In dem russischen Wunsch erkannten Marx und sein Freund Engels eine Politik, die seit dem 10. Jahrhundert auf Expansion angelegt gewesen ist: „Rußland ist entschieden eine Eroberernation“, machte Friedrich Engels gleich am Anfang der Artikel-Serie klar. Solche Klarsicht wünschten sich im späten 20. Jahrhundert nicht Wenige im Westen zurück, der in weiten Teilen dem Charme des letzten Staats- und Staatsparteichefs der Sowjetunion erlegen war. Als mit Michail Gorbatschow auch die Sowjetunion am Ende war, kam so manchem die Warnung vor dem russischen Drang nach Westen gerade recht.
Nicht zufällig hat für die Neuauflage des Buches das Nachwort ein gewisser Lothar Rühl verfasst, der von 1982 bis 1989 Staatssekretär im Bundesministerium der Verteidigung unter Manfred Wörner gewesen ist. Auch dem späteren Nato-Generalsekretär dürfte also die aus der Mitte des 19. Jahrhunderts stammende Einschätzung Engels bekannt gewesen sein, der die „natürliche“ Grenze Russlands von Danzig oder etwa Stettin bis Triest verlaufen sah.
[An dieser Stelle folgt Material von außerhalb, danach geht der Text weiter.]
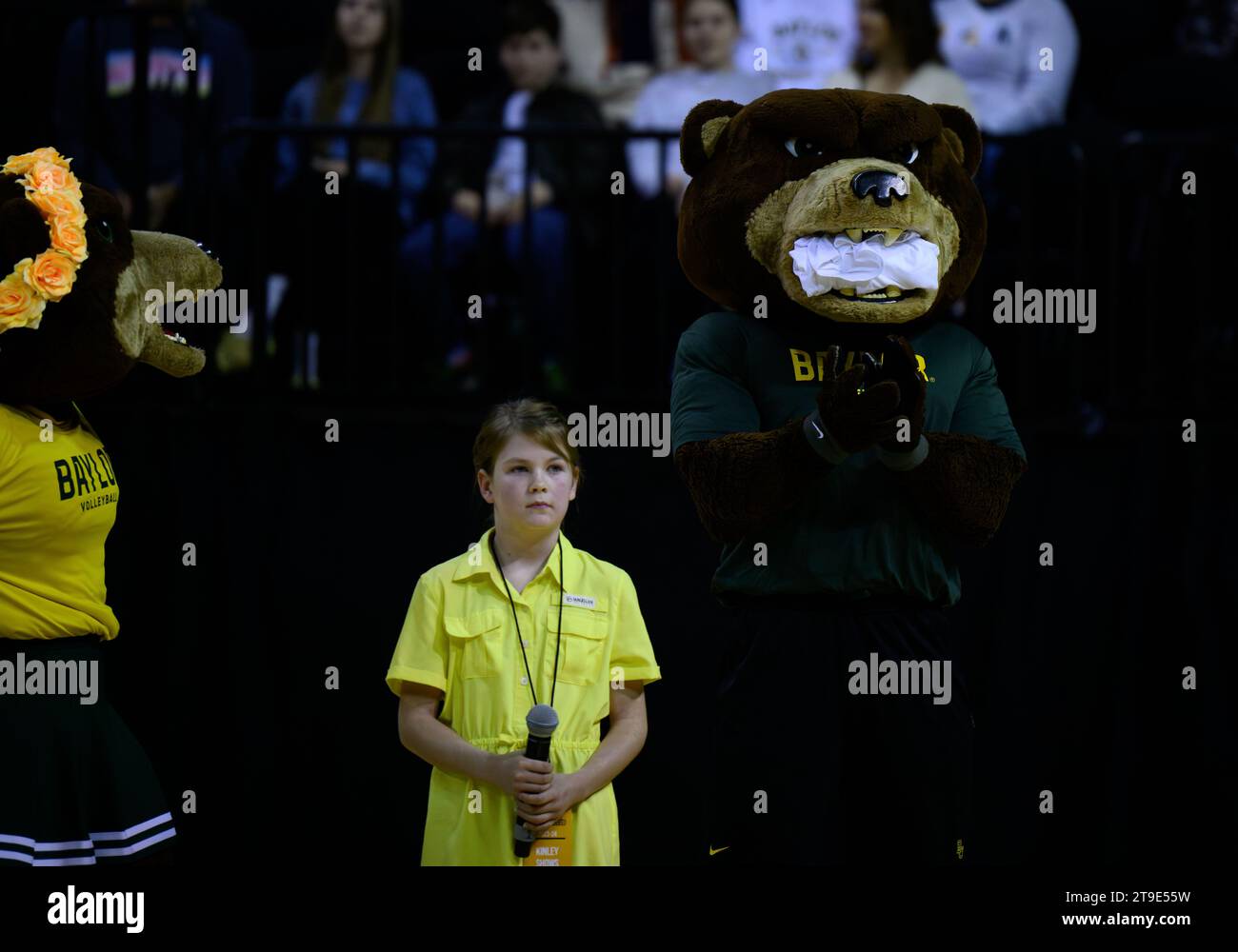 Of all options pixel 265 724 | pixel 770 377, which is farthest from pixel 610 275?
pixel 770 377

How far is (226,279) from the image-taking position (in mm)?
5199

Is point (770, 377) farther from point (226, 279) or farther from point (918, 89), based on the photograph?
point (918, 89)

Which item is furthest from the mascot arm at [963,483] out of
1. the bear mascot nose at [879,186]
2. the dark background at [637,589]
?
the dark background at [637,589]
Der Grenzverlauf entspricht genau der Linie, die nach dem Zweiten Weltkrieg Ost und West für ein halbes Jahrhundert trennte. Mit der Auflösung des Eisernen Vorhangs und der Sowjetunion stellten sich die alten Fragen neu. Wo zum Beispiel der Anfang des Endes des jeweiligen Einflusses ist? Insofern kam auch Marxens Warnung recht, dass der „russische Bär zu allem fähig [ist], solange er weiß, daß die anderen Tiere, mit denen er zu tun hat, zu nichts fähig sind.“
Die alte Einschätzung sollten sich heute all jene vor Augen halten, die der Annäherung Deutschlands an Russland, der Auflösung der Nato und auf Friedensverhandlungen im Ukraine-Krieg das Wort reden. Die russische Diplomatie, ergänzte Marx Mitte des 19. Jahrhunderts, beruhe nicht zuletzt auf der Feigheit der Staatsmänner des Westens. Nur zusammen fanden sie in der Vergangenheit den Mut und die Kraft, Russland in die Schranken zu weisen. So hat auch die Nato in Zukunft den Zweck, „to keep the Americans in, the Russians out and the Germans down“.